* **Action item**
Say how many lines of the data below have the word "enjin" in them. Add nothing else.

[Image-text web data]

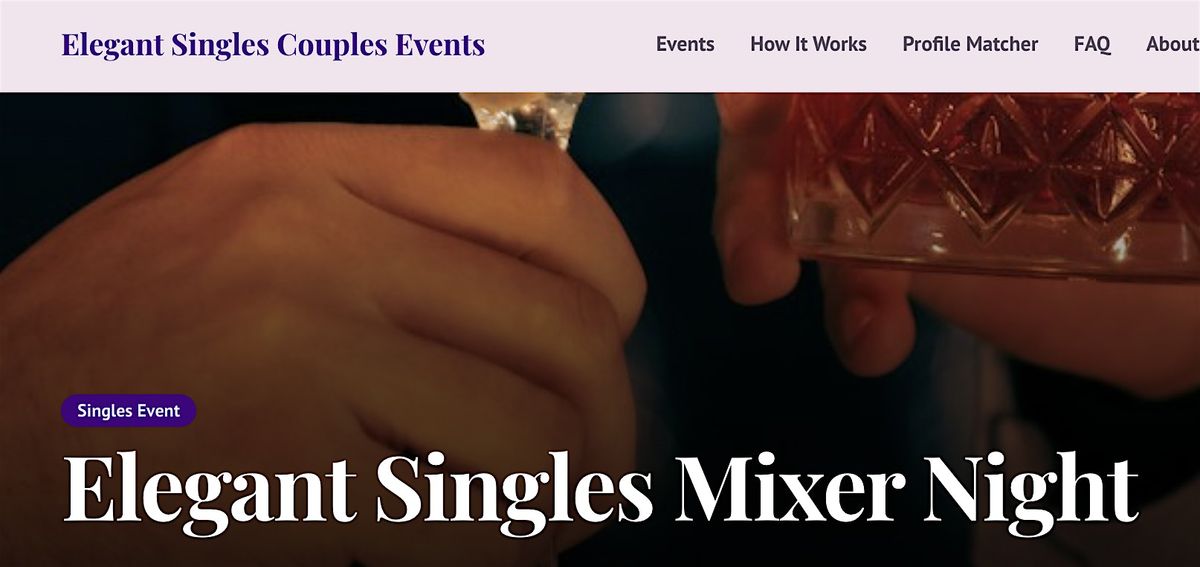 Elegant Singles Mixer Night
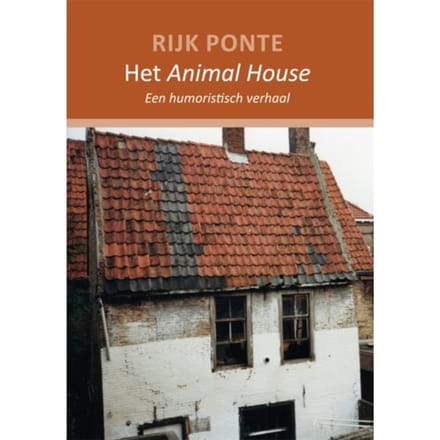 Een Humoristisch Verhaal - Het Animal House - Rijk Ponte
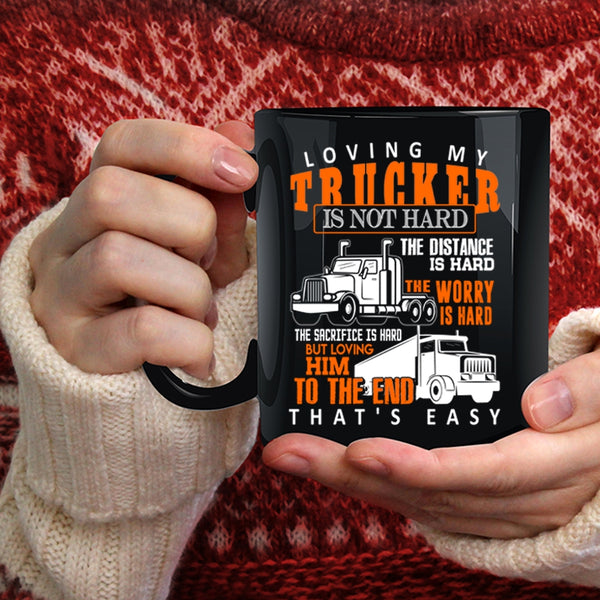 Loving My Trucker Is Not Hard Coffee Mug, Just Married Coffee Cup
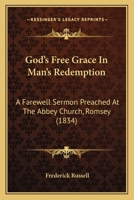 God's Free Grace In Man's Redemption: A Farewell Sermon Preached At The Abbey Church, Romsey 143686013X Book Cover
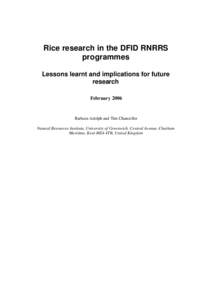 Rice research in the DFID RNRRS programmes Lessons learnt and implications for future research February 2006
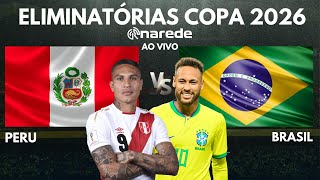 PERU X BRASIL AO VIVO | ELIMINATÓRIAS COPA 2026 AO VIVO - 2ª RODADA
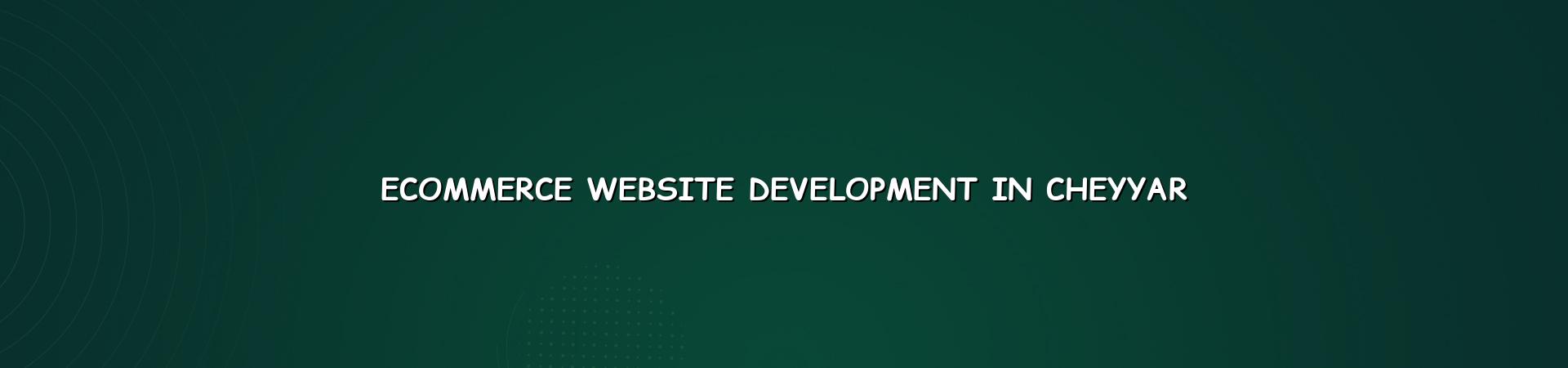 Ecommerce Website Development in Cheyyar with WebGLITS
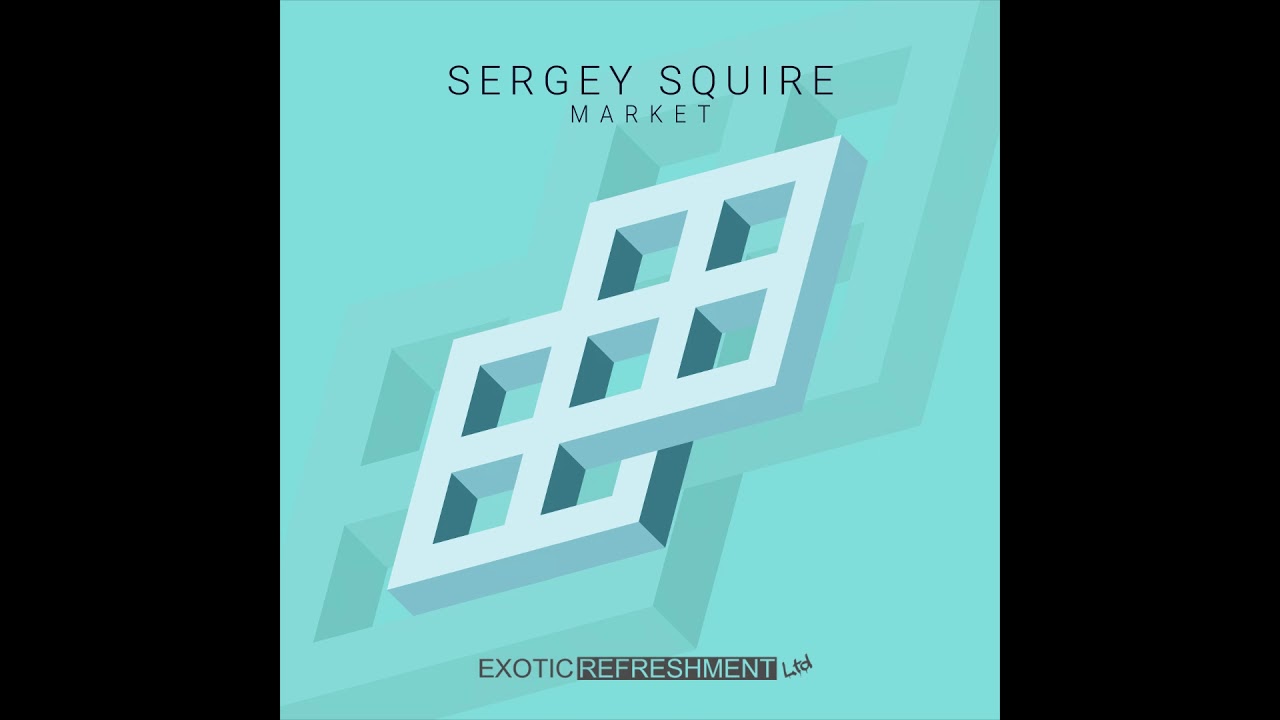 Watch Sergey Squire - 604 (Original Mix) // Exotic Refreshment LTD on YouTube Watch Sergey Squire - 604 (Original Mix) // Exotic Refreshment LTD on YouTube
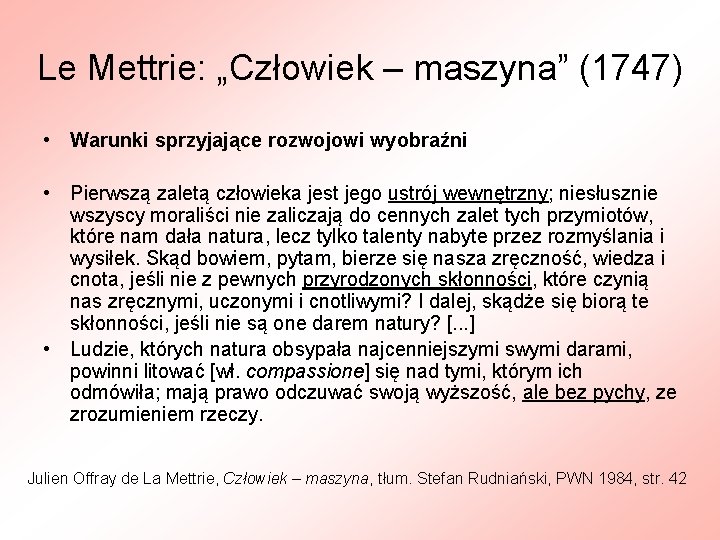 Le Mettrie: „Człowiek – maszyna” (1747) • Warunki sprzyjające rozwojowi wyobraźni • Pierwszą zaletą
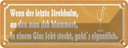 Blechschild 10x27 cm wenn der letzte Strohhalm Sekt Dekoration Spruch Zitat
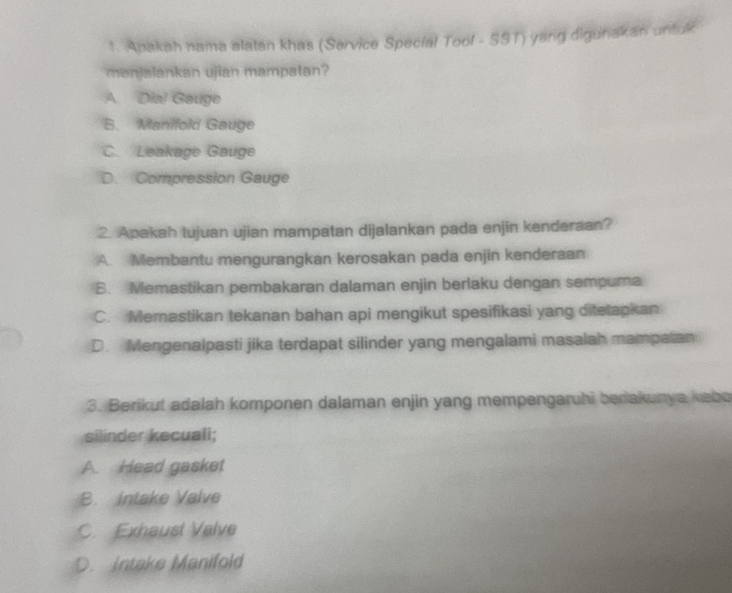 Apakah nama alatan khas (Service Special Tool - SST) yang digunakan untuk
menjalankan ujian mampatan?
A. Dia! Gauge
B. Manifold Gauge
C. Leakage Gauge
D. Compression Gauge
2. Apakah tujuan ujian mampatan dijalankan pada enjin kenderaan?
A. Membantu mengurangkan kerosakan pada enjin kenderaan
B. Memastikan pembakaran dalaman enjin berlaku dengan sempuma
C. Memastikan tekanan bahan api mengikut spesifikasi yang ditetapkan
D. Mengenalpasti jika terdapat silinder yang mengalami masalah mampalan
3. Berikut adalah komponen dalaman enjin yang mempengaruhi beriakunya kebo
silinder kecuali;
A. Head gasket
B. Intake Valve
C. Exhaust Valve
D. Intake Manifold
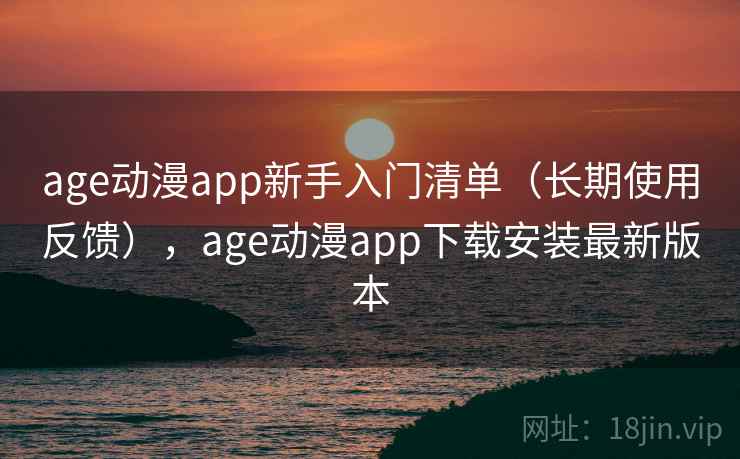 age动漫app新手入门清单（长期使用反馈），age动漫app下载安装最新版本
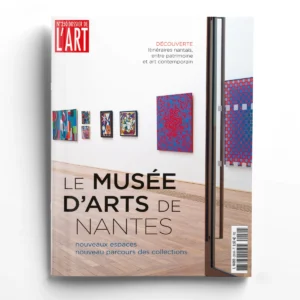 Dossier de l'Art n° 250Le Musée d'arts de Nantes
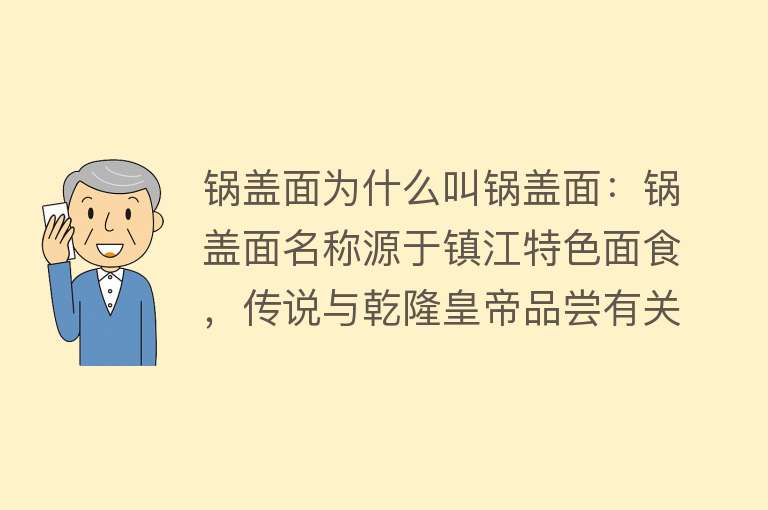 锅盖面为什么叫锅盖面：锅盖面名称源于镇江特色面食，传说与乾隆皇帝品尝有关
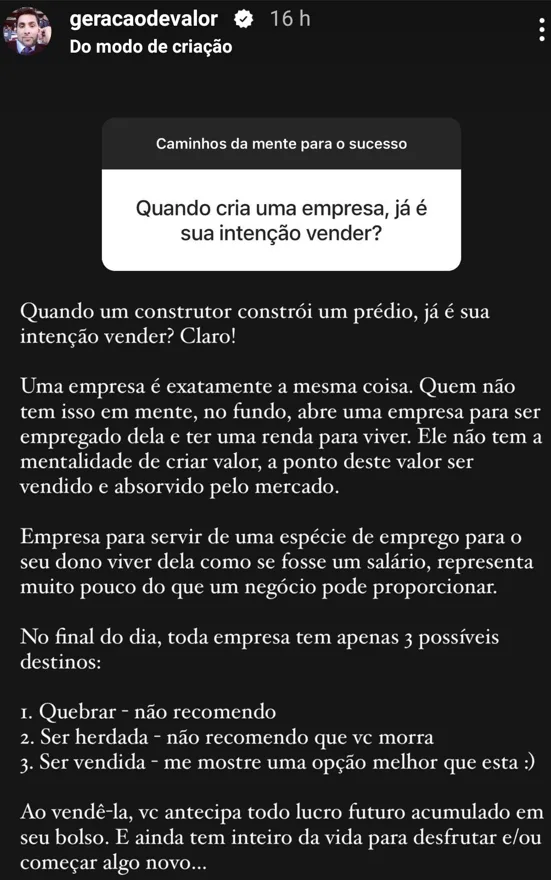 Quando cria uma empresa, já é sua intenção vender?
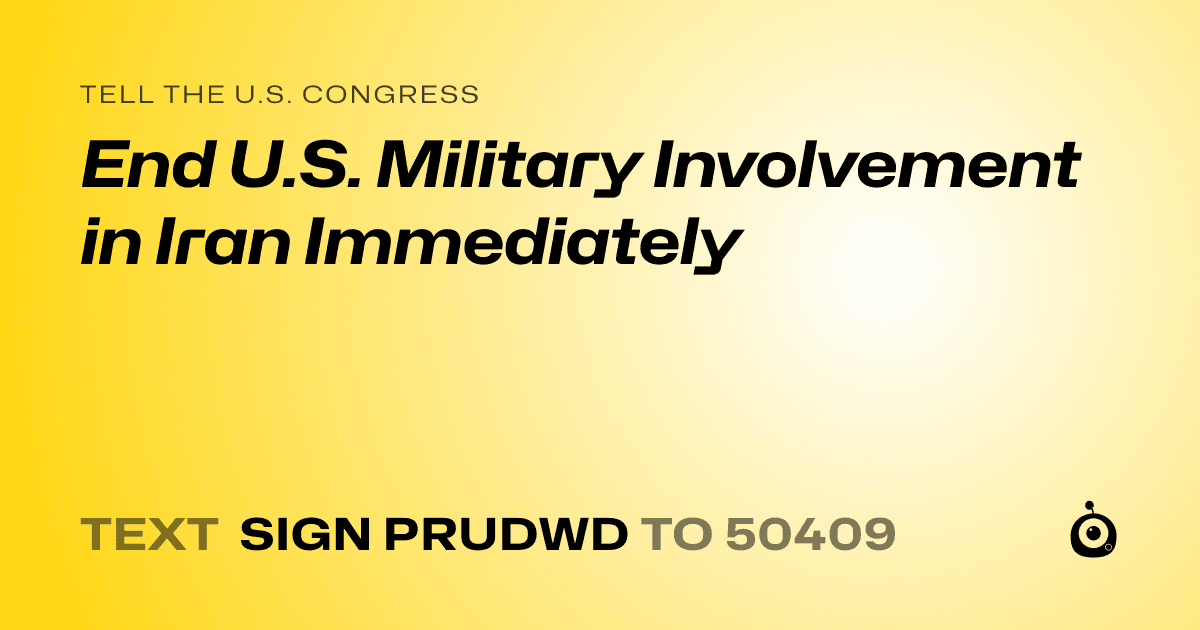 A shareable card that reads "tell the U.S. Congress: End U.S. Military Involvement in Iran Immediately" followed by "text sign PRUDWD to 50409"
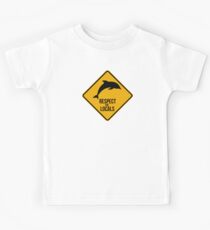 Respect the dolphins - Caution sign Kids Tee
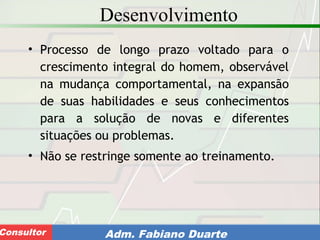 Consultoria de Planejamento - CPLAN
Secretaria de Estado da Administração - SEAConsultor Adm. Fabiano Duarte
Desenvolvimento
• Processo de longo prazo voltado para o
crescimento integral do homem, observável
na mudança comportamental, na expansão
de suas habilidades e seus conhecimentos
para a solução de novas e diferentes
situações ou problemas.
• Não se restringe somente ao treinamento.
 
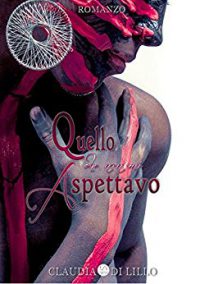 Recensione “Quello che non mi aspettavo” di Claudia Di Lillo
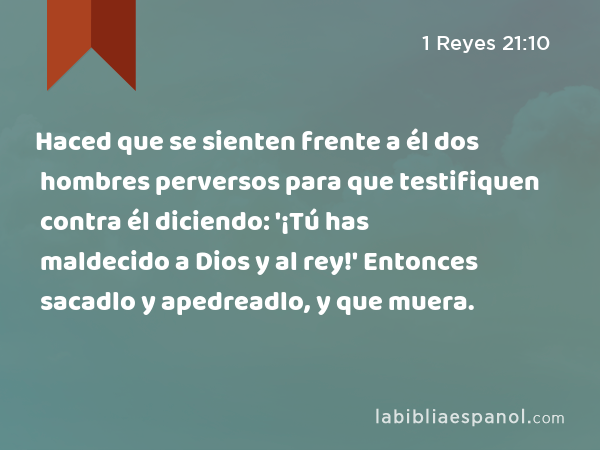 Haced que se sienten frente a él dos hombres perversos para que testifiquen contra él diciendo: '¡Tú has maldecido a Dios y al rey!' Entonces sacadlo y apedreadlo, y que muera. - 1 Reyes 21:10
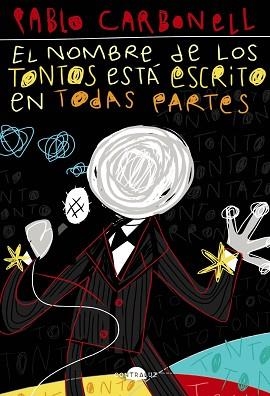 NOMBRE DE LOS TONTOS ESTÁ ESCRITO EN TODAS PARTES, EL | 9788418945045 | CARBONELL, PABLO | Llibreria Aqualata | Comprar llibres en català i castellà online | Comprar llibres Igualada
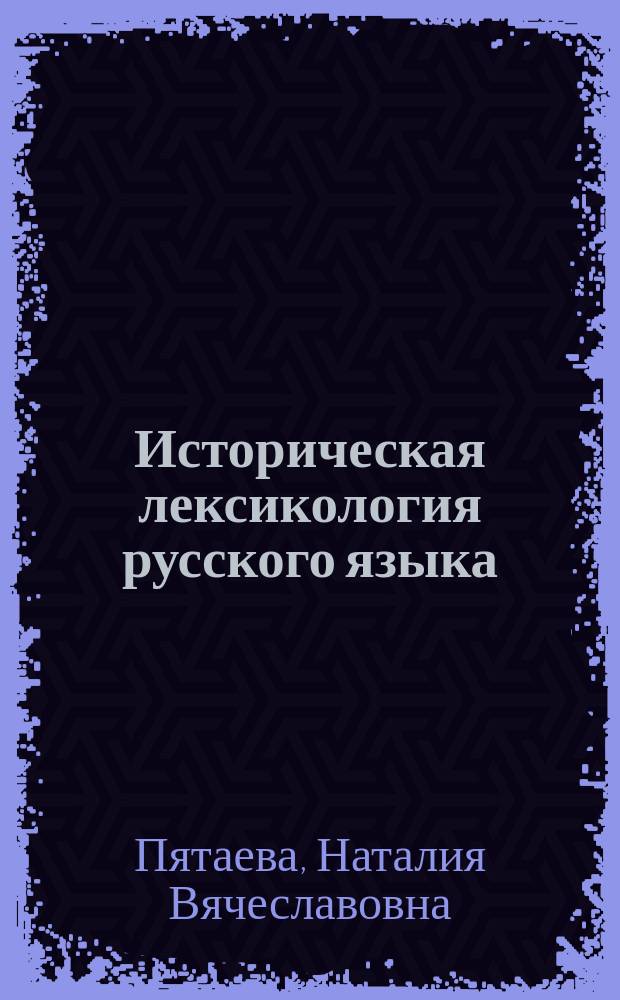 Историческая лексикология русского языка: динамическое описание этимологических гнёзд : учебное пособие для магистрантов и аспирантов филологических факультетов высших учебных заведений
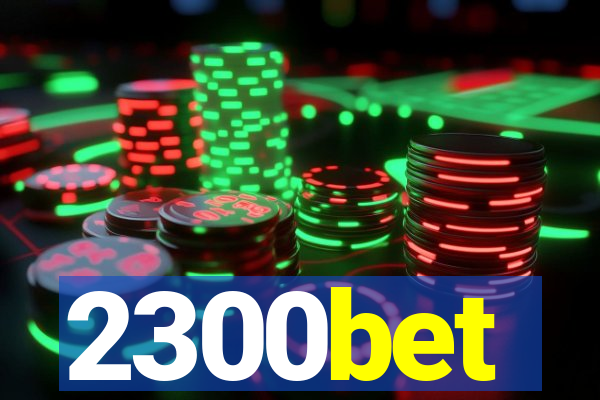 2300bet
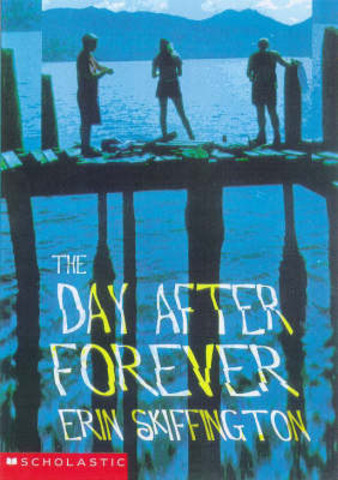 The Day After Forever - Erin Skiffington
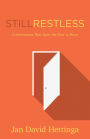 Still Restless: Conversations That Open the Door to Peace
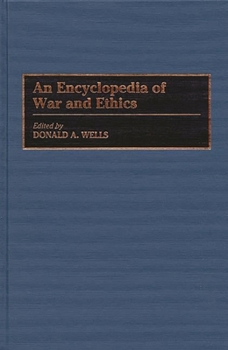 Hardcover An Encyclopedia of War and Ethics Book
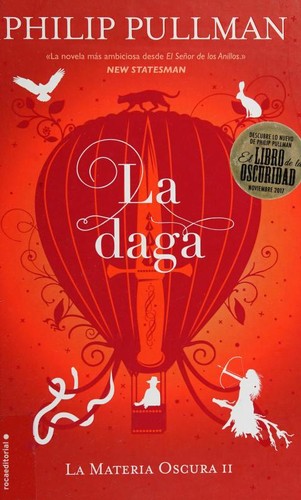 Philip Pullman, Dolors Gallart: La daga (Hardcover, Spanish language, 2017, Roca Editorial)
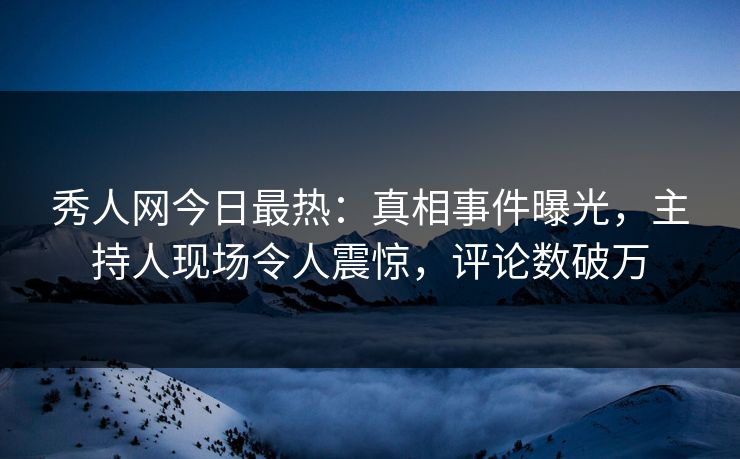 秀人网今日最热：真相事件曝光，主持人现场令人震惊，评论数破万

* **Exercise output**
4